* WHAT YOU WILL DO *
Print the listing in its entirety and exactly, leaving out images.
*** Block opens ***
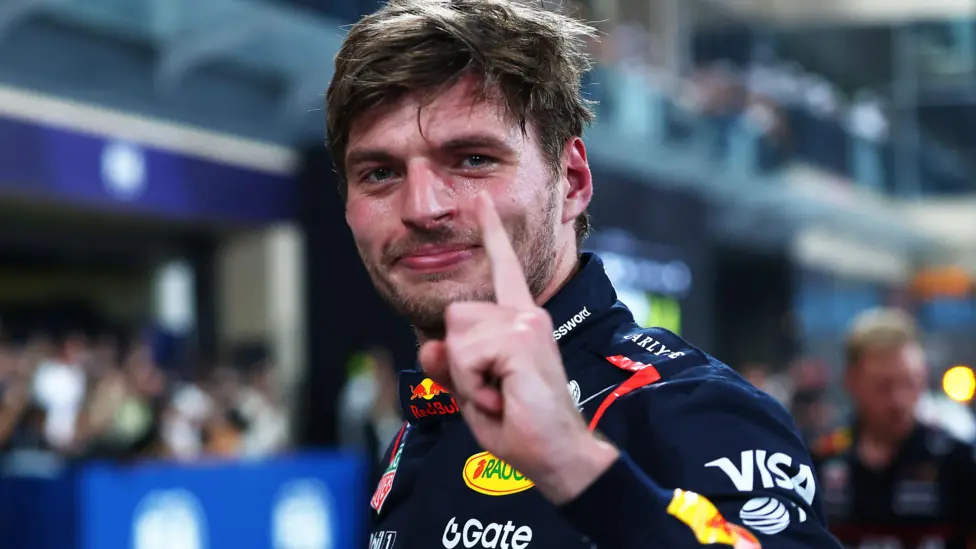 Verstappen beats Norris and Piastri to pole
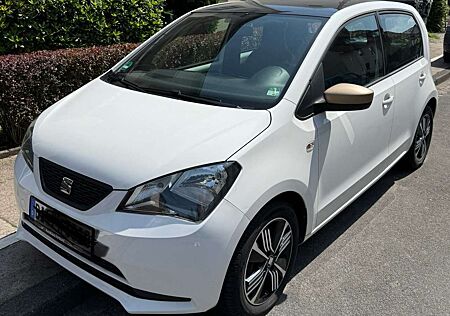 Seat Mii 1.0 Ecomotive by Cosmopolitan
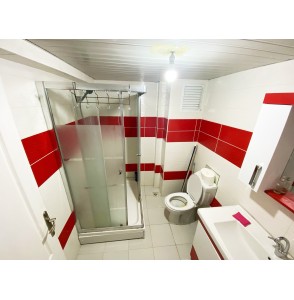 YAYLA'DA ASANSÖRLÜ 4+1 GENİŞ SATILIK DAİRE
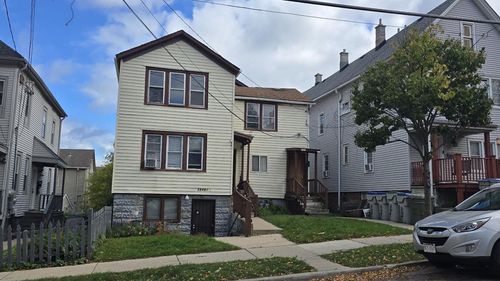 1856-1854 N Humboldt Ave, Milwaukee, WI, 53202-1625 | Card Image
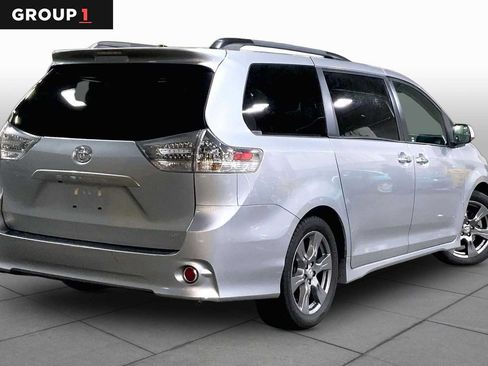 Used 2017 Toyota Sienna SE FWD image 13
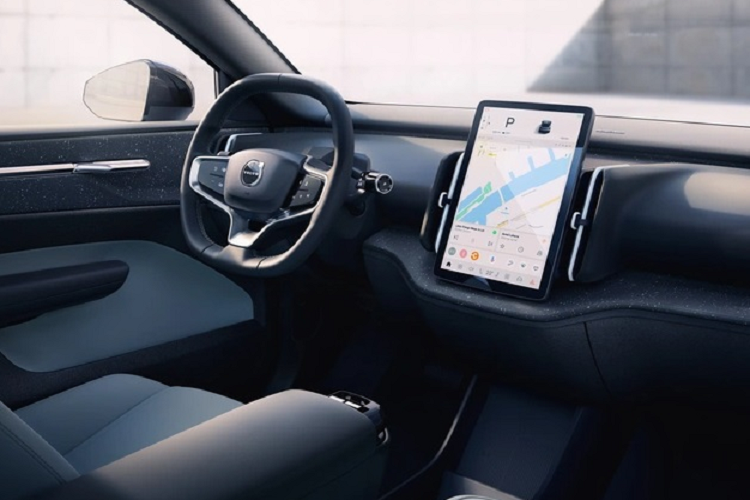 Về khả năng sạc, ngoài bộ sạc tích hợp 11 kW để sạc AC (với bộ sạc tích hợp 22 kW có sẵn trên các phiên bản cao hơn), EX30 tiêu chuẩn có thể sạc nhanh tới 134 kW, trong khi biến thể Twin Motor Extended Range có thể sạc tới 153 kW DC, nghĩa là pin có thể được sạc từ trạng thái sạc 10 đến 80% chỉ trong hơn 25 phút một chút.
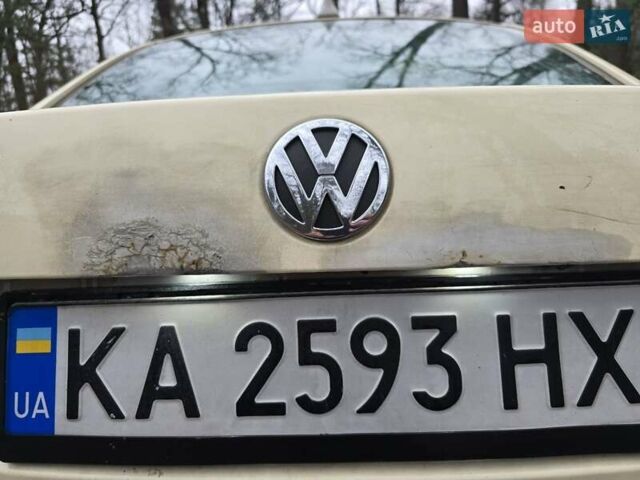 Желтый Фольксваген Пассат, объемом двигателя 1.9 л и пробегом 385 тыс. км за 4000 $, фото 13 на Automoto.ua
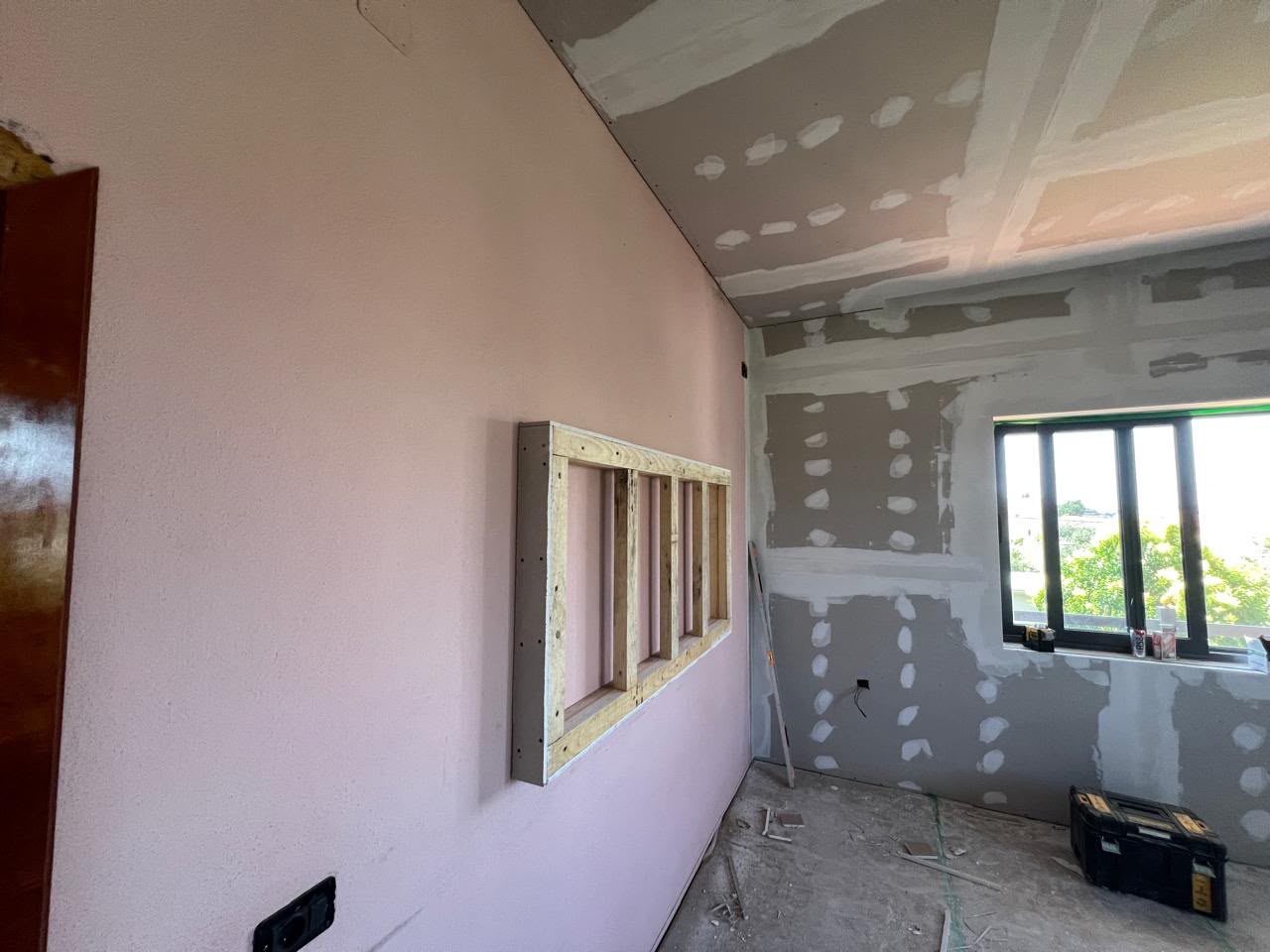 Pamje anësore e elementit dekorativ në mur dhe e tavanit në proces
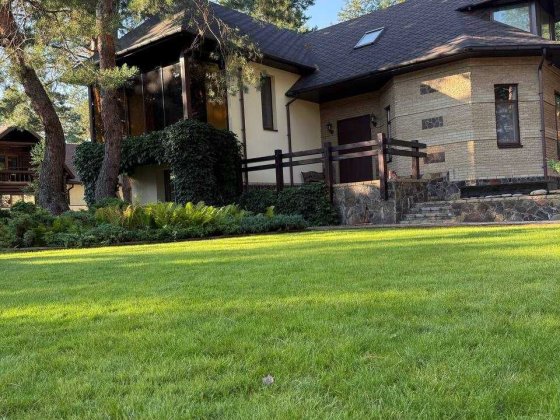 Продам дом в Обуховке, сосновый лес, участок 20 соток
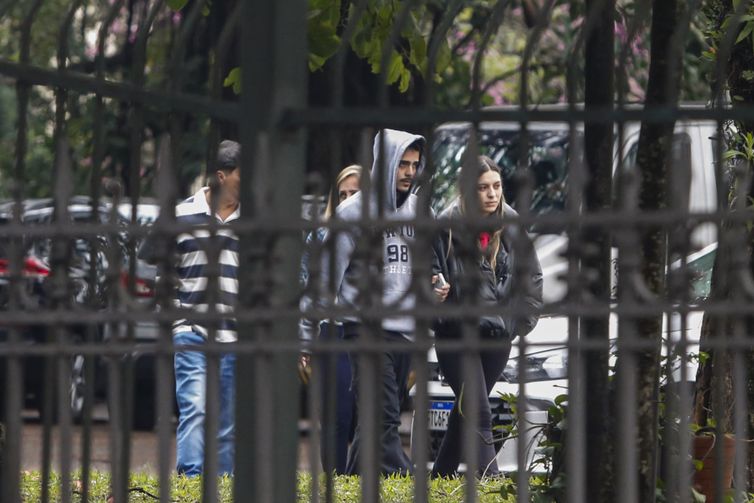 São Paulo (SP) 10/08/2024 – Familiares das vítimas do acidente aéreo que envolveu avião da Voepass que ocorreu em Vinhedo, chegando ao Instituto médico legal (IML).
Foto: Paulo Pinto/Agência Brasil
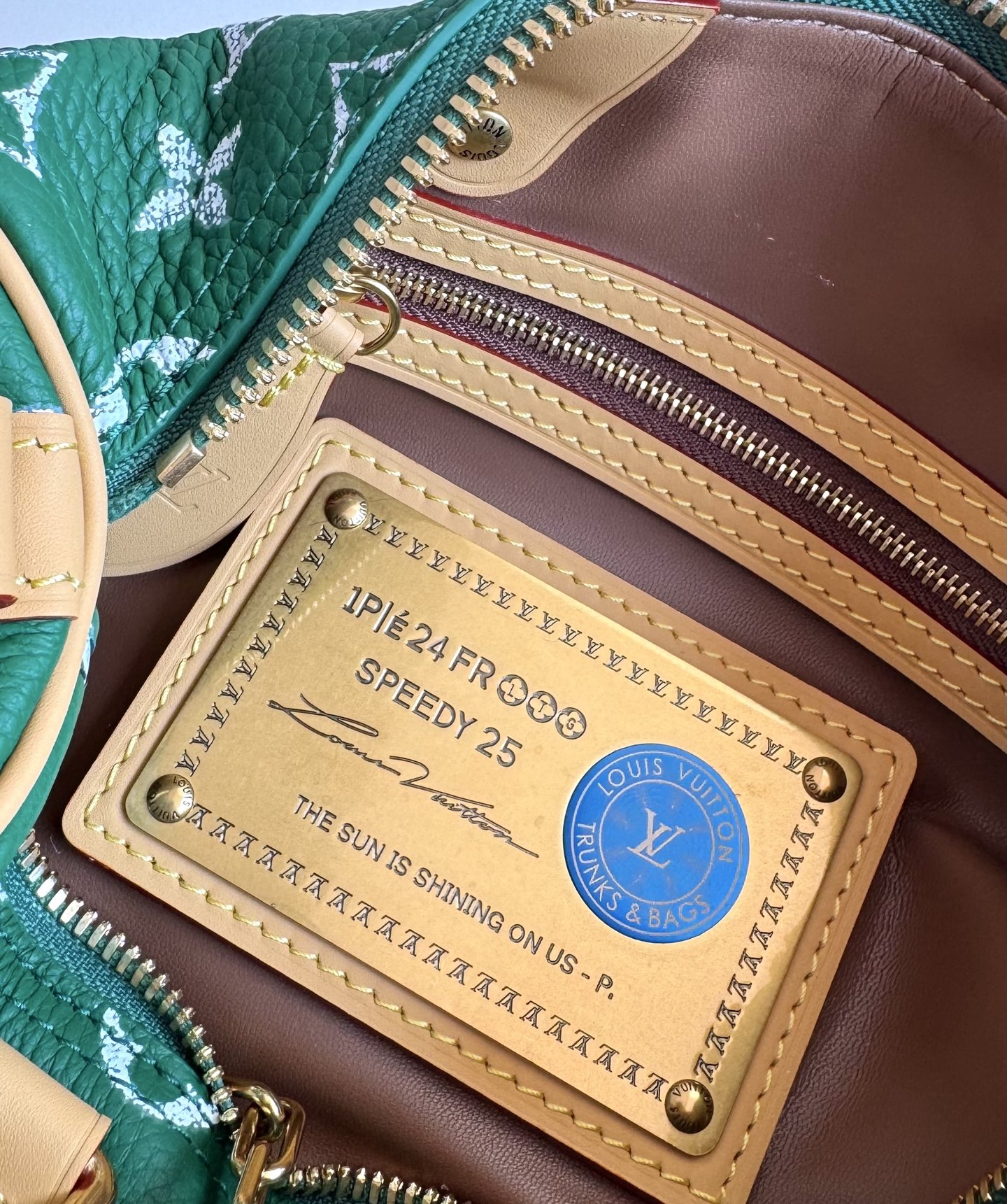 Louis Vuitton Basic Bag Cow Leather 15cm-m-l-s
*** Block closes ***
* EXERCISE RESULT *
 Verstappen beats Norris and Piastri to pole
 Seat Mii 1.0 Ecomotive by Cosmopolitan
 YAYLA'DA ASANSÖRLÜ 4+1 GENİŞ SATILIK DAİRE
 1856-1854 N Humboldt Ave, Milwaukee, WI, 53202-1625 | Card Image
 Used 2017 Toyota Sienna SE FWD image 13
 Về khả năng sạc, ngoài bộ sạc tích hợp 11 kW để sạc AC (với bộ sạc tích hợp 22 kW có sẵn trên các phiên bản cao hơn), EX30 tiêu chuẩn có thể sạc nhanh tới 134 kW, trong khi biến thể Twin Motor Extended Range có thể sạc tới 153 kW DC, nghĩa là pin có thể được sạc từ trạng thái sạc 10 đến 80% chỉ trong hơn 25 phút một chút.
 Желтый Фольксваген Пассат, объемом двигателя 1.9 л и пробегом 385 тыс. км за 4000 $, фото 13 на Automoto.ua
 Pamje anësore e elementit dekorativ në mur dhe e tavanit në proces
 Продам дом в Обуховке, сосновый лес, участок 20 соток
 São Paulo (SP) 10/08/2024 – Familiares das vítimas do acidente aéreo que envolveu avião da Voepass que ocorreu em Vinhedo, chegando ao Instituto médico legal (IML).
Foto: Paulo Pinto/Agência Brasil
 Louis Vuitton Basic Bag Cow Leather 15cm-m-l-s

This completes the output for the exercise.